Indian civil society’s conscience stirred for Lankan Tamils
Vol 2 | Issue 16
The Indian civil society has woken up to the human rights excesses of the Sri Lankan government against minority Tamils. A group of Delhi based civil rights activists have initiated an online campaign demanding an independent international enquiry into charges of war crimes, crimes against humanity and genocide against the Sri Lankan State.
Sri Lanka has been accused of killing thousands of innocent Tamil civilians during its war against the LTTE (Liberation Tigers of Tamil Eelam) - which was fighting for a separate State - in 2008-2009.
A petition prepared by the group has demanded that a White Paper be presented in the Indian Parliament on the role of Indian intelligence, armed forces, politicians and bureaucracy in the Sri Lankan war crimes.
The petition comes in the wake of the UN Expert Panel’s report that has found credible evidence of the Lankan government’s role in the deaths of thousands of Tamils caught in the war zone.

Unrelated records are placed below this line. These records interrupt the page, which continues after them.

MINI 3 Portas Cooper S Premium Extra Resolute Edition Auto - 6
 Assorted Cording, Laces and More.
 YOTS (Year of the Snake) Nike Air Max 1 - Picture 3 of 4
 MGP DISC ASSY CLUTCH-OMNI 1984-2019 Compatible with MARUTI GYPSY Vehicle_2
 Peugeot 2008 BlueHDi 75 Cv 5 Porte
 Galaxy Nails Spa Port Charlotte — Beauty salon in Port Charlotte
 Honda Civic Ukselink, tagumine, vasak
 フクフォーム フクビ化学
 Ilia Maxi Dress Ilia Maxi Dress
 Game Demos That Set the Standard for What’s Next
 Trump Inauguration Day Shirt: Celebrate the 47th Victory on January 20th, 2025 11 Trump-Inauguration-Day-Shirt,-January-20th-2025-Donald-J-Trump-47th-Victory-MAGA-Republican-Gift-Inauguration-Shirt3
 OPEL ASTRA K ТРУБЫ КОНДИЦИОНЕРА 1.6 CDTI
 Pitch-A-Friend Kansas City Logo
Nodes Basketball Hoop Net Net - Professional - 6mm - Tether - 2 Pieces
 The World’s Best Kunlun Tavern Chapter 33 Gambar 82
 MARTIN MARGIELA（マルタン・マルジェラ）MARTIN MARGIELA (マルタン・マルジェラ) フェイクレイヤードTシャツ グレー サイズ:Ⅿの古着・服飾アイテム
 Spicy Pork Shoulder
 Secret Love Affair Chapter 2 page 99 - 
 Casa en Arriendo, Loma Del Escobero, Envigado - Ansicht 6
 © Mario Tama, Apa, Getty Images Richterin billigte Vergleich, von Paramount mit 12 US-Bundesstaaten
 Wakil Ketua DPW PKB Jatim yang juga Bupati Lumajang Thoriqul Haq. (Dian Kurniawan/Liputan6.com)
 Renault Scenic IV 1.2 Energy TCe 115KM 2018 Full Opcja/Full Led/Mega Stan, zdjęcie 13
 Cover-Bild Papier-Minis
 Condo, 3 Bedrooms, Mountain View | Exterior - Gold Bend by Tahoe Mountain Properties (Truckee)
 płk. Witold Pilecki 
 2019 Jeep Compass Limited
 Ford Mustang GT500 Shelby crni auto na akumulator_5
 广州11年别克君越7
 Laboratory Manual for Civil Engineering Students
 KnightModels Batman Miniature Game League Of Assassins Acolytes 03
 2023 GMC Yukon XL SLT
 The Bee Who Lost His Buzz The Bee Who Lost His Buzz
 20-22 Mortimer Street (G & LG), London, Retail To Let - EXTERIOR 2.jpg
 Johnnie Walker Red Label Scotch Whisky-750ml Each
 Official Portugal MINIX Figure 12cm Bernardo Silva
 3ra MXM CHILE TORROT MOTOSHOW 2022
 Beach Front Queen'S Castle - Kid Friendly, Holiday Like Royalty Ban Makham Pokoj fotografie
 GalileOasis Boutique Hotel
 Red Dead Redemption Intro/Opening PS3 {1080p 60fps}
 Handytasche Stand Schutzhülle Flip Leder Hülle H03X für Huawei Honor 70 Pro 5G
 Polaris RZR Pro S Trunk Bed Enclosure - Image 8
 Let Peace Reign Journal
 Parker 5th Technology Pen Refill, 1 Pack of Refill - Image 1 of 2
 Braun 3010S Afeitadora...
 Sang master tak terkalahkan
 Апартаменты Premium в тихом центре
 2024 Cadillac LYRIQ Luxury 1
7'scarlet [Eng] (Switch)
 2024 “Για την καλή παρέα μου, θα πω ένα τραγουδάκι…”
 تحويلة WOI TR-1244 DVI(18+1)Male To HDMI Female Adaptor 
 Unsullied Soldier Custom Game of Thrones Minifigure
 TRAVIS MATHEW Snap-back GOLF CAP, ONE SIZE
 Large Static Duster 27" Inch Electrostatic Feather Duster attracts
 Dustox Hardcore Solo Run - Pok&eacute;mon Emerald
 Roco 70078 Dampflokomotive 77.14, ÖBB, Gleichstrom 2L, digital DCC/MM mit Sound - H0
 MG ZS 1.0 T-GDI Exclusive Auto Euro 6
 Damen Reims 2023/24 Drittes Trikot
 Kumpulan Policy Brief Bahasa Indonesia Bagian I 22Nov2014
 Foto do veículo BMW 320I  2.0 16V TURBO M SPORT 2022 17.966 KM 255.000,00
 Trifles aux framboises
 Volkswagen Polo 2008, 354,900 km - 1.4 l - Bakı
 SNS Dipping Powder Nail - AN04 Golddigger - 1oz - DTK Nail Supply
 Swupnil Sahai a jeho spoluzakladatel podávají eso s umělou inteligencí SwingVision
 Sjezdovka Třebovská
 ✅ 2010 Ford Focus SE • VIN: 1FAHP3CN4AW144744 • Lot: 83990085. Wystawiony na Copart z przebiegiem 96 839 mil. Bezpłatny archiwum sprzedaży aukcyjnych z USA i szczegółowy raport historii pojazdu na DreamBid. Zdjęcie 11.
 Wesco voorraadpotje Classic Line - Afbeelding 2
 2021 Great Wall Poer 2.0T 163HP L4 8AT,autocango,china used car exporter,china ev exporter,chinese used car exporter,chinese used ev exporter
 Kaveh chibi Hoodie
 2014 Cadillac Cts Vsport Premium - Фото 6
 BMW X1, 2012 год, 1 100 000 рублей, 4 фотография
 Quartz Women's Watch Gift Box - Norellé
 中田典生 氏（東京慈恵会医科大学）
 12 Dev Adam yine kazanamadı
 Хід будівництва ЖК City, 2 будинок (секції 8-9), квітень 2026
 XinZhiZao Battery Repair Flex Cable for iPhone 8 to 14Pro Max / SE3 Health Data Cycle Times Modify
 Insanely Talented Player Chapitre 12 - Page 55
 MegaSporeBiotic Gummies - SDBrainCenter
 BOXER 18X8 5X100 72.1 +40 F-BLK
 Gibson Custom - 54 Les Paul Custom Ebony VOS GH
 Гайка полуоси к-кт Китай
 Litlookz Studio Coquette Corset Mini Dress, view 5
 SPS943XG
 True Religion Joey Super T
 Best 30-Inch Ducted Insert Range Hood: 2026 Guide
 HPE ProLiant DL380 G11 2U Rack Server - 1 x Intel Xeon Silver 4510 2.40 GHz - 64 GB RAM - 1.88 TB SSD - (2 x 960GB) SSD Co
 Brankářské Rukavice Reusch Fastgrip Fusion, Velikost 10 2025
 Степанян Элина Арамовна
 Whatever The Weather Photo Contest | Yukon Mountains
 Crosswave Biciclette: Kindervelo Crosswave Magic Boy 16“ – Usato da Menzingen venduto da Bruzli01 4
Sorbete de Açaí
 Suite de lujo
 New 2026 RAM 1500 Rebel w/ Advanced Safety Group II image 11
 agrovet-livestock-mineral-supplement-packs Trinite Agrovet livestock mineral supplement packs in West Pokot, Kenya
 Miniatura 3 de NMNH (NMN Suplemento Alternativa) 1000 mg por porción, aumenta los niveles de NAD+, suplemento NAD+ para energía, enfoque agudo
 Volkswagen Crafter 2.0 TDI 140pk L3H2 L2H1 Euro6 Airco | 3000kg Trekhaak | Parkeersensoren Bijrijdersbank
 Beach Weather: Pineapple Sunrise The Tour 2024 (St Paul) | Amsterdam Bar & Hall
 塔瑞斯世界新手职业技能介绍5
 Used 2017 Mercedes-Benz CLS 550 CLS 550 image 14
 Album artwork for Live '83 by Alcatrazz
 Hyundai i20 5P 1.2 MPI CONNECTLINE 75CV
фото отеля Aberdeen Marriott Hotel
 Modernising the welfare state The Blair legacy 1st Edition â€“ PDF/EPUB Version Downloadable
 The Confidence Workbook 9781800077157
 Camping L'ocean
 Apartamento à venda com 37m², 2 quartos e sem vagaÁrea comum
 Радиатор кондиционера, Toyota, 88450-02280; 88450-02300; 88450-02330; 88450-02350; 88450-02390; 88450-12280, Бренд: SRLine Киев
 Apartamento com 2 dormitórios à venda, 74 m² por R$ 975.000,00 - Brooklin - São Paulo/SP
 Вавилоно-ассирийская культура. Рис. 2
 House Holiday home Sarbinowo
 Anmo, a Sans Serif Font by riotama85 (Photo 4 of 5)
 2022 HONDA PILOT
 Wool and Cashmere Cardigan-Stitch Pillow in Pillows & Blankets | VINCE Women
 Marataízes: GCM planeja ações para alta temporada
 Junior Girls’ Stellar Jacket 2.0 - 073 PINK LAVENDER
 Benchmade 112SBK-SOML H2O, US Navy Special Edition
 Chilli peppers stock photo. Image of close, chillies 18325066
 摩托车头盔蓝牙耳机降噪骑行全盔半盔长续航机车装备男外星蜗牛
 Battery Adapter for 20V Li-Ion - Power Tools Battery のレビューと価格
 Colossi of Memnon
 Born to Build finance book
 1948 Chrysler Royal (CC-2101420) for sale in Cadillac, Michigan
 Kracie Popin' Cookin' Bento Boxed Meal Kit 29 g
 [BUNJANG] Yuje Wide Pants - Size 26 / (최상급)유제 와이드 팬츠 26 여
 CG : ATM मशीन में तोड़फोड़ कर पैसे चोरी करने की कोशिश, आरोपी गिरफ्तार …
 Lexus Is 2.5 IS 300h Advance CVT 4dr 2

Cries for justice: Tamil Nadu leaders cutting across political lines have demanded action against President Mahinda Rajapakse
The petition has demanded that punishment be meted out to those in the Sri Lankan Armed Forces and Establishment found guilty, as per international law and in proportion to the gravity of their crimes. It also demanded that the UN report should not be used as an excuse to orchestrate any form of violence against the Tamils in Sri Lanka
The activists intend to take the petition to former Chief Justice of India Rajinder Sachar for endorsement. Sachar had earlier served on a “People’s Permanent Tribunal” in Dublin that investigated allegations against the Sri Lankan government. Sachar had then said that though the war was over, the situation was yet to change and Tamils were yet to get their due respect as fellow citizens.
The tribunal had found conclusive evidence of wanton atrocities committed by the Sri Lankan state on Tamil civilians and combatants alike. The petition stated: “These included usage of banned chemical weapons, cluster bombs, rampant torture, summary executions and sexual abuse of captured women. The Tribunal also concluded that the charges of genocide require investigation considering evidences of systemic violence against the Tamils, even after the war was said to be over.”
Meanwhile, the Sri Lankan President Mahinda Rajapakse has directed his party officials to use May 1, Labour Day, for protests against the UN Report. He has urged Sri Lankans to gather in millions in Colombo to express their anguish over the report.
Civil rights activist Satya Sivaraman, who filed the petition online said, “The issue isn’t a Tamils issue, it’s a human rights issue. The standoff between the Sri Lankan government and UN is for everyone to see. The Labour Day rally is anti-Tamil in nature and the situation is very tense in the island nation as fascist sentiments seem to have taken over.”
He also added that with the petition they intend to bring the Sri Lankan Tamils issue out of Tamil Nadu to the rest of India and South Asia.
“While reports of Tamil genocide in Sri Lanka are making headlines in the West, there is hardly anything that is being reported by the South Asian media. We want to make it a pan south Asian issue that should concern all in the region,” Sivaraman added.
He also mentioned that the role of the Indian government should also be investigated and if guilty the country should be implicated too. “Rajapakse was the chief guest at the Republic Day parade held in New Delhi. What does this mean? Does it imply that the Indian government and Sri Lankan government are hand in glove with each other?” he questioned.
Even writer-activist Arundhati Roy had raised serious doubts about the role of Indian media in its coverage of war crimes in Sri Lanka. Roy in her piece on the issue for Guardian in April 2009 wrote, “The horror that is unfolding in Sri Lanka becomes possible because of the silence that surrounds it. There is almost no reporting in the mainstream Indian media - or indeed in the international press - about what is happening there…”
Members of Delhi Tamil Students Union, Jawaharlal Nehru University, are playing an active role in the campaign.
Karthik, a member of the Union said they hope to get the support of Rajinder Sachar, and Arundhati Roy for their campaign to make the Sri Lankan government accountable for its war crimes.
At the same time, he expressed concern at the Rajapakse government’s call for the May 1 rally.
"Rajapakse's call for strike could have serious repercussions. We want to bring it to the people's notice that every time there is a call for strike (on Tamils issue) either by the government or opposition, violence is unleashed against the Tamils," he said.